Bivariate Regression
Instructions
- Homework assignment is here with all questions commented out.
- Complete all of the coding tasks in the
.qmd
file - Upload your individual exercise to your
GitHub
repo by Wed 11:59pm. - Remember to clean your github repo and sort hw submissions by weeks. Each week should have one folder.
Homework
Examine the relationship between an interval-level variable Female Representation (women09) and another interval-level variable Economic Development (gdp 10 thou) by running a regression model. Both of the variables are in the world
data set. In doing so, follow the steps
below. You can download the data
here
-
Before doing any analyses, do some univariate analyses (graphical and numerical) on each variable to get a sense of how these variables are distributed.
-
Omit observations where either one of the two variables is missing. Do so by creating a smaller data set. How many observations do we have left?
-
Before running a regression analysis, calculate the correlation coefficient and report the results. Is there a statistically significant relationship? Is the relationship positive or negative?
-
Treat the Female Representation variable as the dependent variable and the Economic Development variable as the independent variable, and form the null and alternative hypotheses (write your answers as a comment).
-
Estimate a simple linear regression model of Female Representation on Economic Development and report the findings verbally (as a comment).
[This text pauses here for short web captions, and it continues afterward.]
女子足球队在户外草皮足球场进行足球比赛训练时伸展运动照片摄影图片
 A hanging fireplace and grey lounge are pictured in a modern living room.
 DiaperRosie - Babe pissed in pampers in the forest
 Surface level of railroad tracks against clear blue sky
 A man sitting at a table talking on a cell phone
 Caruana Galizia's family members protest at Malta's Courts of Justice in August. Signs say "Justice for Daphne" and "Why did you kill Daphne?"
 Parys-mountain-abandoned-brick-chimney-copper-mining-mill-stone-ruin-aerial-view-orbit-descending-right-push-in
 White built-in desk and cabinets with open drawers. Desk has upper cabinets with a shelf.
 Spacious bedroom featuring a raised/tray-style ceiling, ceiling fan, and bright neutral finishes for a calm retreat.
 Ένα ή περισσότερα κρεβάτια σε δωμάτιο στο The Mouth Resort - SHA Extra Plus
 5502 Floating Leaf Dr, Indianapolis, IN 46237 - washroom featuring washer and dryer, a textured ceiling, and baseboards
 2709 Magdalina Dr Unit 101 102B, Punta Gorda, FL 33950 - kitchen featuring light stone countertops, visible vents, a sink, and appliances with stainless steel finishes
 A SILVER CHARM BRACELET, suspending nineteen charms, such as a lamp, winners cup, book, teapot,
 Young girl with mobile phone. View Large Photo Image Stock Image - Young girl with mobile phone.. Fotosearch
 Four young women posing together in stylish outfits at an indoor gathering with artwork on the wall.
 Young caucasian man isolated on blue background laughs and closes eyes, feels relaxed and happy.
Make sure that you use the smaller data set you created above. (a) What does the estimated regression equation look like? (b) What is the sign of the coefficient for X? (c) What is the size of the coefficient for X? That is, how many percentage points will Female Representation increase / decrease if we increase the value of gdp 10 thou by 10,000 dollars? What if we increase the value of gdp 10 thou by 1,000 dollars instead? (d) Is the estimated coefficient statistically significant? At what confidence level?
-
Illustrate the marginal effect of X on Y by creating a plot of the regression line with 95% confidence intervals around the line.
-
How good is the model fit? Answer this question by answering the following two sets of sub-questions: (a) How much of the variation in Female Representation is explained by Economic Development? Would you say this is big enough? (b) How far off are our predictions, on average? Would you say this is too big?
-
Obtain predicted values of Female Representation and store them in a new column in the data set. Find the predicted value of Female Representation for Rwanda and compare it with the actual value. How far off is the prediction from the actual value?
-
Let’s try manually controlling for Electoral System (i.e., whether or not a country adopts a PR system) in our analysis. That is, do a regression analysis of Female Representation (Y) and Economic Development (X) for PR system countries, and do the same regression analysis for non-PR countries.
-
What is the estimated effect of Economic Development on Female Representation for PR countries? Answer this with a graph and with numbers.
-
What is the estimated effect of Economic Development on Female Representation for non-PR countries? Answer this with a graph and with numbers.
-
Obtain predicted values of Female Representation and store them in a new column in the data set for PR countries. Find the predicted value of Female Representation for Rwanda and compare it with the actual value. How far off is the prediction from the actual value?